Print, please, the line that contains "To b. by agnès b. ブロックチェック マフラー ブルー" and each line after it to the end of the entries, unchanged and with nothing else.

*Saved data entries*.
================================
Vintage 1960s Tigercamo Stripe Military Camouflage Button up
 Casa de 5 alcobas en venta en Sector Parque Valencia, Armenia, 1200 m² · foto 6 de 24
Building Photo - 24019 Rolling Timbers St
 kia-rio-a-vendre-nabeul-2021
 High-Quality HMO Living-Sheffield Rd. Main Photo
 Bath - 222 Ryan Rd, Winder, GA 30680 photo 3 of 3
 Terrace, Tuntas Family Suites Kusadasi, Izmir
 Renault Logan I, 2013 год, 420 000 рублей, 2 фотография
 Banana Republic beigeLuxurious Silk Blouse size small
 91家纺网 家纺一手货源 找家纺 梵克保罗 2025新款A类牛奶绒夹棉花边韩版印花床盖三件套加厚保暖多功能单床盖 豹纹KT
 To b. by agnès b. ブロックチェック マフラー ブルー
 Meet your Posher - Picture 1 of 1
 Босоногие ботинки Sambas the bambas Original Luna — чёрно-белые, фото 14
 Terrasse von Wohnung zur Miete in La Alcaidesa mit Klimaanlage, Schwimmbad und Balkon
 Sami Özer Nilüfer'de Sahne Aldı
================================
*EXPECTED ANSWER*.
 To b. by agnès b. ブロックチェック マフラー ブルー
 Meet your Posher - Picture 1 of 1
 Босоногие ботинки Sambas the bambas Original Luna — чёрно-белые, фото 14
 Terrasse von Wohnung zur Miete in La Alcaidesa mit Klimaanlage, Schwimmbad und Balkon
 Sami Özer Nilüfer'de Sahne Aldı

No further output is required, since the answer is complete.